__WHAT YOU SHOULD DO__
Don't include any picture when you restate the data word for word.

*-*-*

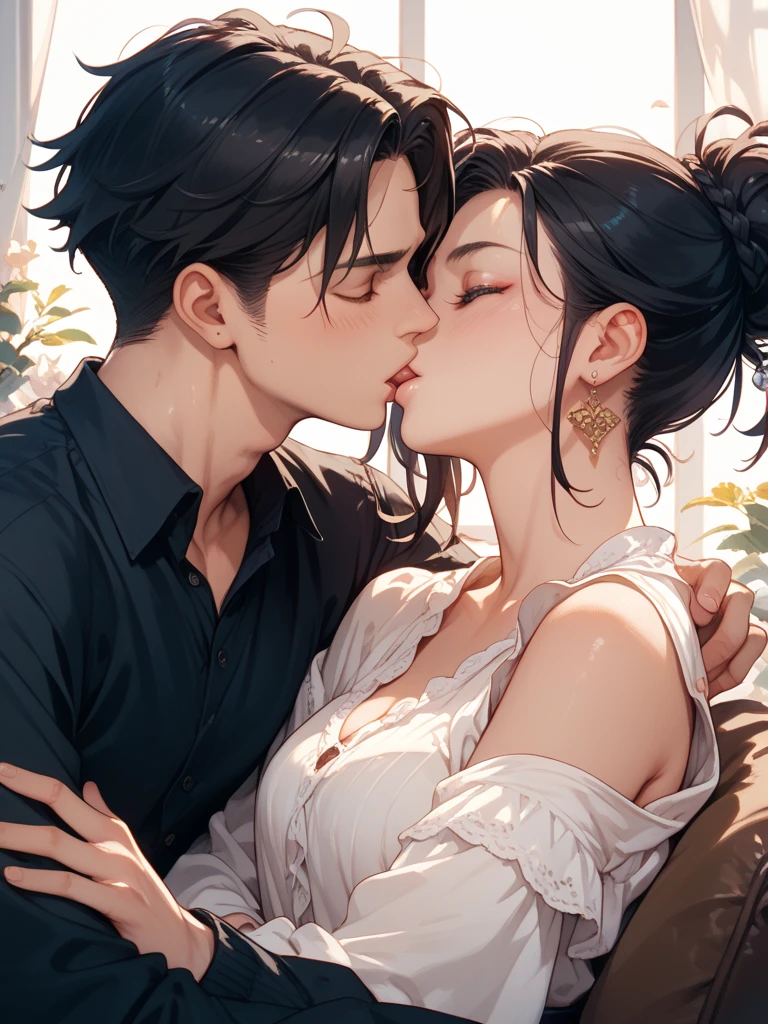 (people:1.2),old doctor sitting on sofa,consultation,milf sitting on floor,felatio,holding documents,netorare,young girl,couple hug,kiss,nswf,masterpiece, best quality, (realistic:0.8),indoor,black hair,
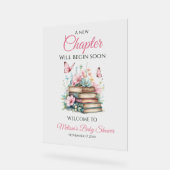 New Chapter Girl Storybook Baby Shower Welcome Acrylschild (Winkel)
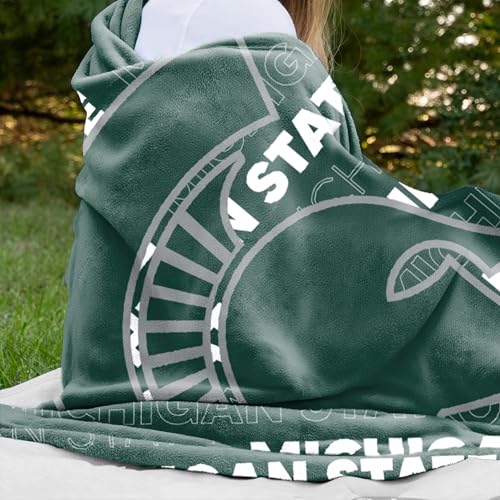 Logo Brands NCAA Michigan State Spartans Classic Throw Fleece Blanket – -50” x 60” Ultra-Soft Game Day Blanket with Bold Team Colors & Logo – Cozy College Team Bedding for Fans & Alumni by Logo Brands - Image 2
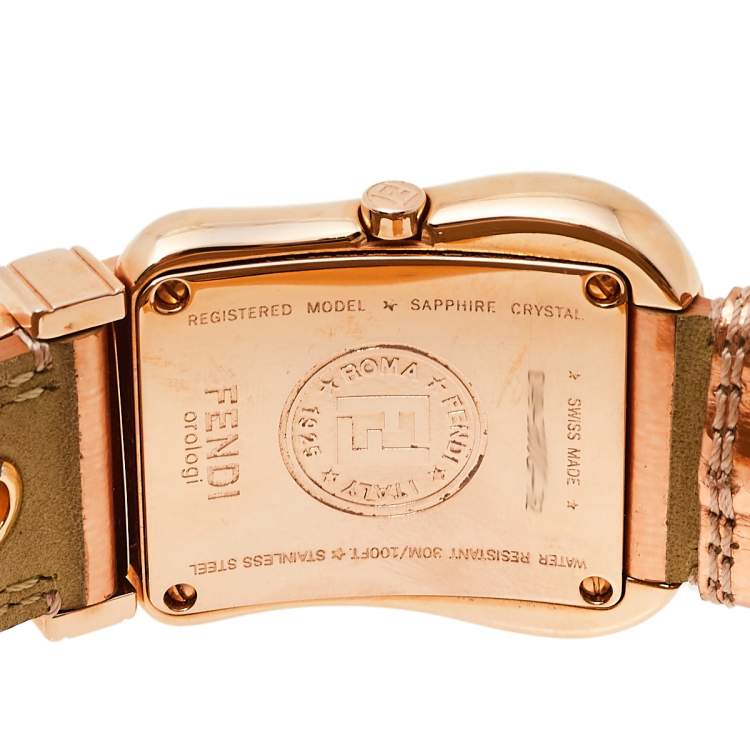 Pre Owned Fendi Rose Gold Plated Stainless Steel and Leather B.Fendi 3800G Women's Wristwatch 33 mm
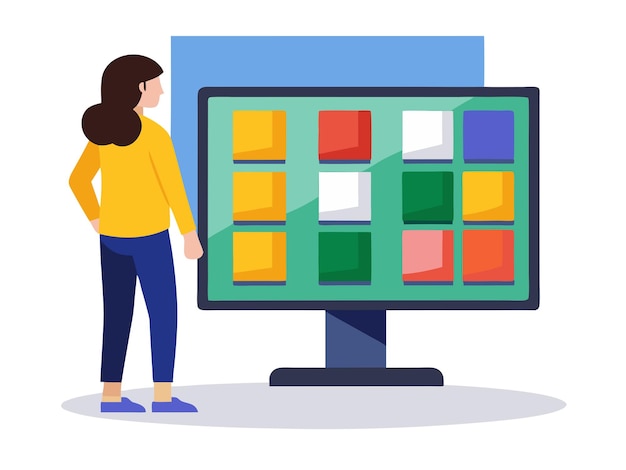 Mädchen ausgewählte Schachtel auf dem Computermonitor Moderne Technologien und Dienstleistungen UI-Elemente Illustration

*-*-*

__TASK OUTPUT__
 (people:1.2),old doctor sitting on sofa,consultation,milf sitting on floor,felatio,holding documents,netorare,young girl,couple hug,kiss,nswf,masterpiece, best quality, (realistic:0.8),indoor,black hair,
 New Chapter Girl Storybook Baby Shower Welcome Acrylschild (Winkel)
 Logo Brands NCAA Michigan State Spartans Classic Throw Fleece Blanket – -50” x 60” Ultra-Soft Game Day Blanket with Bold Team Colors & Logo – Cozy College Team Bedding for Fans & Alumni by Logo Brands - Image 2
 Pre Owned Fendi Rose Gold Plated Stainless Steel and Leather B.Fendi 3800G Women's Wristwatch 33 mm
 Mädchen ausgewählte Schachtel auf dem Computermonitor Moderne Technologien und Dienstleistungen UI-Elemente Illustration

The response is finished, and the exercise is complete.